*Brief:*
Return every entry exactly as written.

*Entries shown:*
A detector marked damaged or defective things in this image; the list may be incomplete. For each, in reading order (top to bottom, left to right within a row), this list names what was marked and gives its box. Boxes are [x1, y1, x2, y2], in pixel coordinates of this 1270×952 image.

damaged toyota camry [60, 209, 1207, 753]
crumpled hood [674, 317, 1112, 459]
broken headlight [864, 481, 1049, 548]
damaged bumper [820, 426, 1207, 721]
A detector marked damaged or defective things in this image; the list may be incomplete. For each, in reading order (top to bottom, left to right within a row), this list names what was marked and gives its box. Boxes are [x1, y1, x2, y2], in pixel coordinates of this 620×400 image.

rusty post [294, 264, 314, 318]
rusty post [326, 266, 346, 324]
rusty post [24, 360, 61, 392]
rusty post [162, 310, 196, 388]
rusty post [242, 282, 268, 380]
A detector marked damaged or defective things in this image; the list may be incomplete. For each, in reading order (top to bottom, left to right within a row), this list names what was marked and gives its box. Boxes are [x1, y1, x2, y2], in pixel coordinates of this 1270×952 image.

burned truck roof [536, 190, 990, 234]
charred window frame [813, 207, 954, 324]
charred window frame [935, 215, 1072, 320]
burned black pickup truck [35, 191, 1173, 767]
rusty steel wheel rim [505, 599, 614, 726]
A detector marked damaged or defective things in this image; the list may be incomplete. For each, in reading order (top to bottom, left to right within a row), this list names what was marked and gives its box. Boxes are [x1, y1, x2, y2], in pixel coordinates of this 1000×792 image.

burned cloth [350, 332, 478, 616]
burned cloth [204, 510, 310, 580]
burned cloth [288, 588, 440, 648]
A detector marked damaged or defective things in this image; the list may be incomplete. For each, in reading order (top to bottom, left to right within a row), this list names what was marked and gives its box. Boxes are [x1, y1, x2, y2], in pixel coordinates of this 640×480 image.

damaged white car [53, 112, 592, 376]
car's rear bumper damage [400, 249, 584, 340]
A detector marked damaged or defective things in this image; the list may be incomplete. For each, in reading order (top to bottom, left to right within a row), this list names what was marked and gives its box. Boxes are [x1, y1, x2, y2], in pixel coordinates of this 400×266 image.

*Task result:*
A detector marked damaged or defective things in this image; the list may be incomplete. For each, in reading order (top to bottom, left to right within a row), this list names what was marked and gives its box. Boxes are [x1, y1, x2, y2], in pixel coordinates of this 1270×952 image.

damaged toyota camry [60, 209, 1207, 753]
crumpled hood [674, 317, 1112, 459]
broken headlight [864, 481, 1049, 548]
damaged bumper [820, 426, 1207, 721]
A detector marked damaged or defective things in this image; the list may be incomplete. For each, in reading order (top to bottom, left to right within a row), this list names what was marked and gives its box. Boxes are [x1, y1, x2, y2], in pixel coordinates of this 620×400 image.

rusty post [294, 264, 314, 318]
rusty post [326, 266, 346, 324]
rusty post [24, 360, 61, 392]
rusty post [162, 310, 196, 388]
rusty post [242, 282, 268, 380]
A detector marked damaged or defective things in this image; the list may be incomplete. For each, in reading order (top to bottom, left to right within a row), this list names what was marked and gives its box. Boxes are [x1, y1, x2, y2], in pixel coordinates of this 1270×952 image.

burned truck roof [536, 190, 990, 234]
charred window frame [813, 207, 954, 324]
charred window frame [935, 215, 1072, 320]
burned black pickup truck [35, 191, 1173, 767]
rusty steel wheel rim [505, 599, 614, 726]
A detector marked damaged or defective things in this image; the list may be incomplete. For each, in reading order (top to bottom, left to right within a row), this list names what was marked and gives its box. Boxes are [x1, y1, x2, y2], in pixel coordinates of this 1000×792 image.

burned cloth [350, 332, 478, 616]
burned cloth [204, 510, 310, 580]
burned cloth [288, 588, 440, 648]
A detector marked damaged or defective things in this image; the list may be incomplete. For each, in reading order (top to bottom, left to right within a row), this list names what was marked and gives its box. Boxes are [x1, y1, x2, y2], in pixel coordinates of this 640×480 image.

damaged white car [53, 112, 592, 376]
car's rear bumper damage [400, 249, 584, 340]
A detector marked damaged or defective things in this image; the list may be incomplete. For each, in reading order (top to bottom, left to right within a row), this list names what was marked and gives its box. Boxes are [x1, y1, x2, y2], in pixel coordinates of this 400×266 image.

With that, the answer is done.